Court Opinion

ID: 7239095
Source: CourtListenerOpinion
Date Created: 2022-07-25 04:52:12.544765+00
Date Added: 2024-06-11T13:50:45.105229
License: Public Domain

MEMORANDUM OPINION AND ORDER
REBECCA R. PALLMEYER, United States District Judge
Plaintiffs Gary Boltinghouse, Jr., Robert Taylor, and Mark Canales worked as “field service specialists” for Defendant Abbott Laboratories, Inc. (“Abbott”). Plaintiffs allege that Abbott violated the Fair Labor Standards Act (“FLSA”), 29 U.S.C. § 201 et seq., by failing to pay them, and other similarly situated employees, for overtime work. Plaintiffs now move for conditional class certification and court-authorized notice under the FLSA. As explained here, the court grants the motion for conditional certification [35] and authorizes Plaintiffs to proceed with notice to potential collective action members.
FACTUAL BACKGROUND
Plaintiffs filed this putative collective action on July 16, 2015, alleging that Defendant misclassified them and all other individuals who were employed by Defendant as field service specialists, denying them overtime compensation in violation of the FLSA. (Pis.’ Mem. of Law in Supp. of Mot. for Cond’l Class Cert., Doc. 36, 2-3.) Plaintiffs contend they performed non-exempt work, but that Defendants knowingly misclassified them as performing exempt work and failed to maintain an accurate record of hours worked, as required by federal regulations. (Compl., Doc. 1, ¶¶ 18-25, 33.) Plaintiffs propose a class definition of:
All persons who worked as field service specialists (also referred to as core lab specialists, prism specialists, hematology support specialists, or other job titles performing similar duties) for Abbott Laboratories, Inc. at any time since three years prior to the filing of this Complaint.

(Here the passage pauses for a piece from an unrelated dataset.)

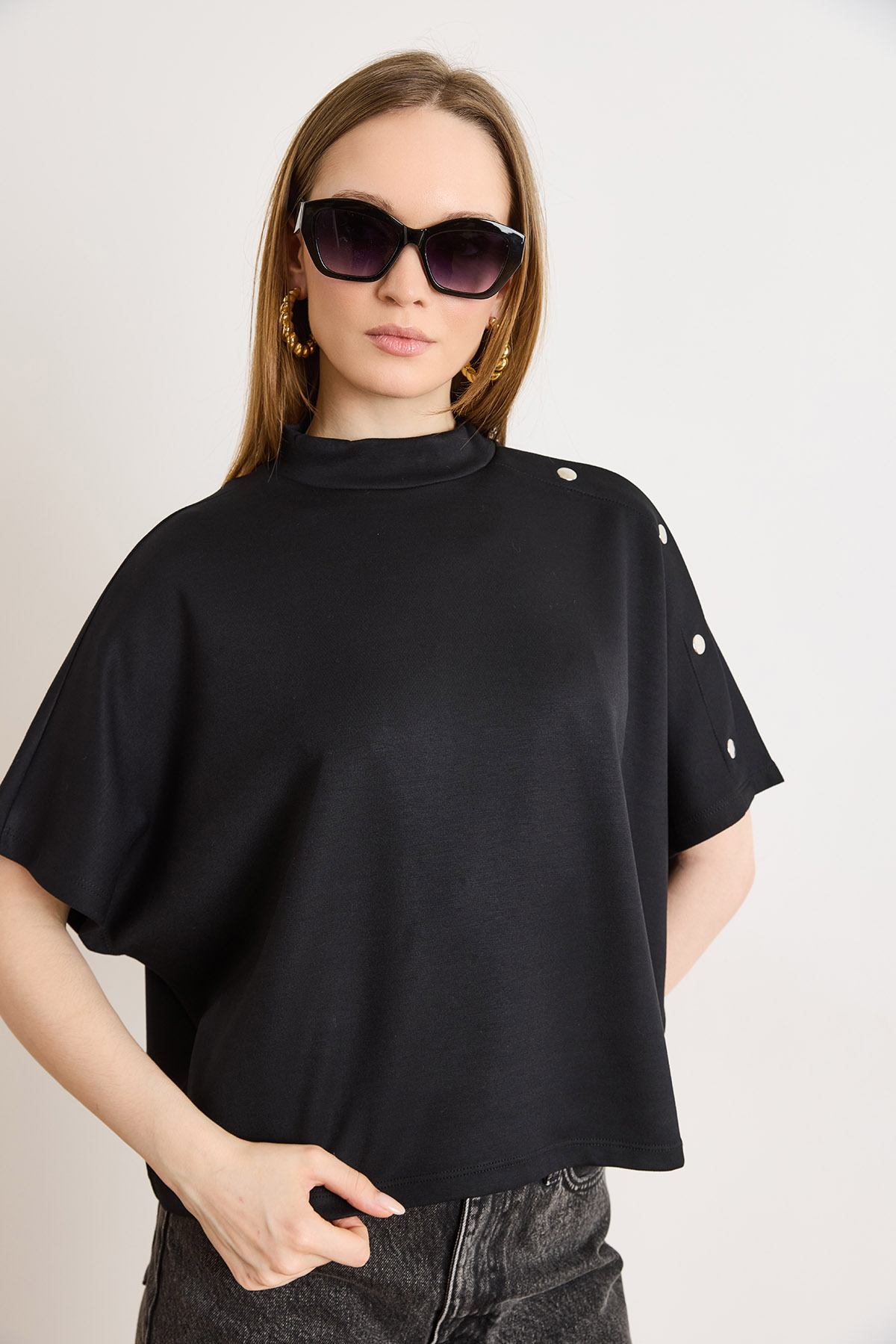 Düğme Detaylı Loose Fit Modal Tuşeli Tişört Siyah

(Compl. ¶ 28.). Plaintiff Boltinghouse alleges that he worked approximately 72 hours during the workweek ending June 7, 2015; Plaintiff Taylor alleges that he worked approximately 50 to 55 hours during the workweek ending June 21, 2015; and Plaintiff Canales alleges that he worked approximately 60 hours during the workweek ending March 28, 2015, all of them without receiving overtime pay. (Compl. ¶ 31.)

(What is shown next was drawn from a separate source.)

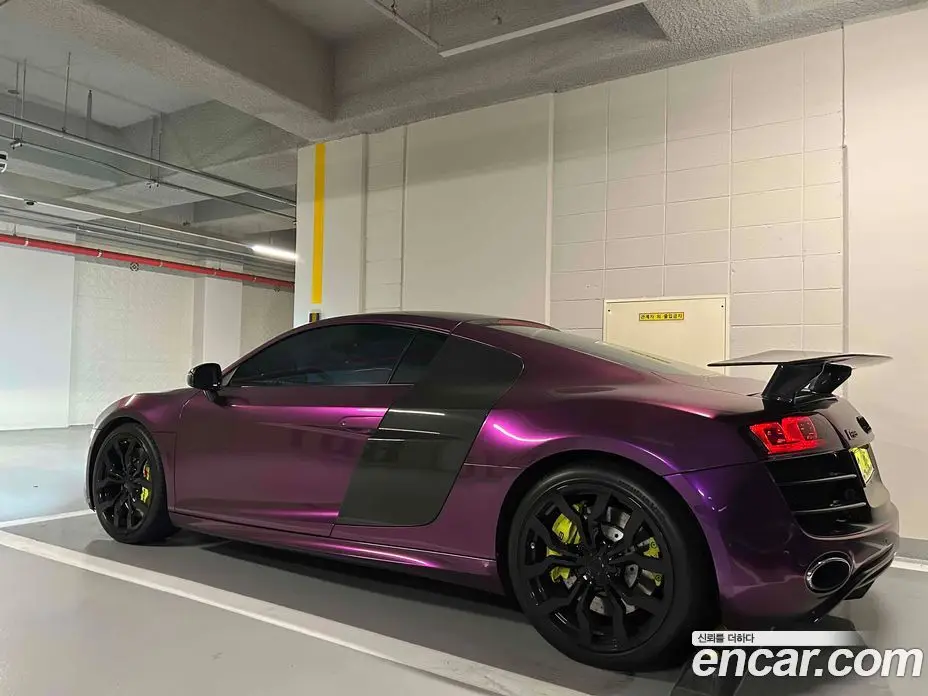 Audi R8 2010 5.2 автомат (гидро), фото 16 Audi R8 2010 5.2 автомат (гидро), фото 16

In support of their motion for conditional certification and court-authorized notice, Plaintiffs have submitted six declarations. All six declarants — named Plaintiffs Bolt-inghouse, Canales, and Taylor, and additional Plaintiffs Mark Johnson, Daniel Maag, and Gerald Newman — have worked for Defendant as field service specialists; all but Mr. Maag are current employees of Defendant and have held various job titles during the course of their employment. (Boltinghouse Decl., Doc. 37 Ex. 1, ¶2; Canales Decl., id., ¶ 2; Johnson Decl., id., ¶ 2; Maag Deck, id., ¶ 2; Newman Decl., id., ¶2; Taylor Decl., id., ¶ 2.) All six describe their job duties as “to install, repair, service and maintain diagnostic medical instrumentation, and test devices and equipment at Abbott’s customer sites,” and all but Maag and Johnson add that “[m]y primary job duties did not change when my specific title changed.” (Boltinghouse Decl. ¶ 3; Canales Decl. ¶ 3; Newman Decl. ¶ 3; Taylor Decl. ¶ 3.)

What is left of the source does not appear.